Hey, I’ve been using datomic on-prem for a while now and been reasonably happy with it and am now looking at the feasibility of running one of our products using datomic cloud/ions. What I’ve not seen is how well it integrates with existing aws search options as :fulltext is not available, I’ve seen the odd mention that suggests using cloudsearch, although my understanding is that aws elasticsearch is presently considered to be the better offering.

Which should I use? Any good resources on how to connect search and datomic/ions together? Or is this just a case of pick one and read the docs?

Anyone able to shed some light here?

1 Like

I looked at CloudSearch, and did some initial prototyping around it. Ultimately, CloudSearch seems like a barely maintained legacy service though, and I wouldn’t recommend it.

In the end, we decided to set up our own ElasticSearch cluster for fulltext search. Exactly how they coordinate depends on your use case. Obviously, you’re not going to be able to join on the fulltext in a datalog query.

But storing an ID in your entities which is shared with a document in ElasticSearch is of course entirely feasible. Now, ES mutates, so the promise of immutability ends at the border between the two.

I’ve considered solutions for this, but haven’t come to a conclusion yet.

Thanks @eneroth, that was the sense I was getting.

I’m getting the impression that I was getting.

Was it as simple as just setting up an elasticsearch client, connect to your cluster and then doing a lookup?

Any issues that I should watch out for and what libs did you end up using if you don’t mind me asking?

I’m stepping right into @vvvvalvalval’s area here (maybe he wants to weigh in), but I’d say that the complexity of indexing the data correctly again depends on your use case.

For connecting to the cluster, we’re using GitHub - mpenet/spandex: Elasticsearch client for Clojure (built on new ES 8.x java client).

The actual cluster setup is more my area. I wanted to sort of align with Datomic here, so I ended up creating a CloudFormation template to set up all the resources. After the fact, I wonder if using https://www.terraform.io would have been better. (As of Terraform 0.12, they will have better JSON support, which I can then make as a compilation target for the super small Clojure DSL I wrote for the CloudFormation template).

For deployments, we’re using CodeDeploy, like Datomic. The general idea is to keep the infrastructure immutable: changes are made to the templates, rather than directly to the running resources, which means that git functions as a log over the changes that has been made to the created resources.

Also, you should look into a strategy to be able to do rolling upgrades to the cluster nodes as a matter of routine rather than a once in a blue moon.

To quote Elastic on the matter,

ElasticSearch releases new versions with bug fixes and performance enhancements at a very fast pace, and it is always a good idea to keep your cluster current.

Upgrading should be a routine process, rather than a once-yearly fiasco that requires countless hours of precise planning.

I tried to do this using CodeDeploy and CloudFormation, but they have hard limits on how long a template upgrade can take.
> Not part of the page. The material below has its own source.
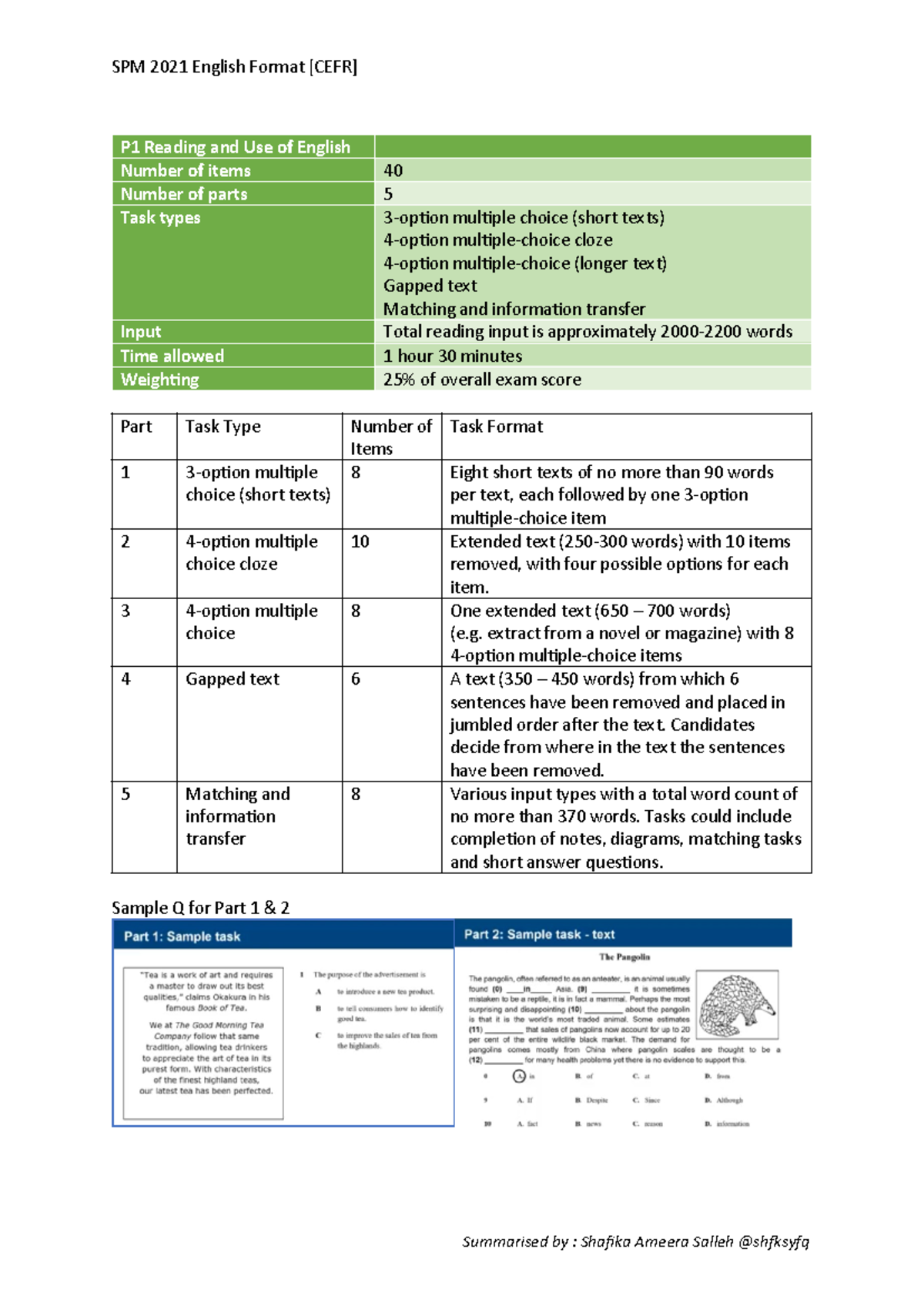 SPM 2021 English Exam Format Overview and Guidelines - Studocu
They will fail after an hour, which is not much depending on the amount of data you’re storing and need to shift between nodes as they are decommissioned and provisioned.

I ended up writing my own tool (Clojure, of course) which deals with the logic of taking down and bringing up nodes, check health status of the cluster, and so on.

1 Like

Any preexisting resources you used to do any of this? Or is it mostly custom implementation?

It’s been a while since I ran my own elasticsearch cluster :)…

I’m trying to get a handle on how much of a maintenance burden I’d be taking on by running this vs dropping moving to cloud and instead focusing on working out how to improve on-prem performance.

Personally I’m really surprised the docs don’t mention anything about how to do this other than :fulltext is not supported, considering cloud/ions is pitched as a more managed experience I would have thought it would be addressed?

@Folcon in my experience, the fulltext support in On-Prem won’t get you very far (it’s very limited in how you can customize it) and you’re likely to want to offload fulltext seach to a more capable engine anyway; so I wouldn’t make that the decisive factor between On-Prem and Cloud. You should rather think about your operational requirements and architecture to decide.

Regardless of whether you use On-Prem or Clould:

  1. Datomic makes it unusually straighforward to sync derived data to specialized stores such as ElasticSearch, because the Log API makes change detection very easy. A basic but often effective approach can be to periodically update the derived store in batches, by computing the set of entities affected by recent changes, and (re-)computing the documents for those.
  2. Setting up a production-ready ElasticSearch on AWS is a bit of an investment, so you may want to start with something more managed.
1 Like

Hi @vvvvalvalval,

Thanks for the response, that’s good to know.

With regards to using something more managed, do you have any specific suggestions?

I’ve had to setup an ES cluster previously on AWS, it was a bit of a pain to setup, but once deployed it wasn’t too problematic. Are there any issues I’m not aware of that you’ve experienced that have been a pain point?

Would be interesting if anyone has any updates (or new best practices) on this, since we’re close to having to implement something like it along with Datomic Ions :slight_smile: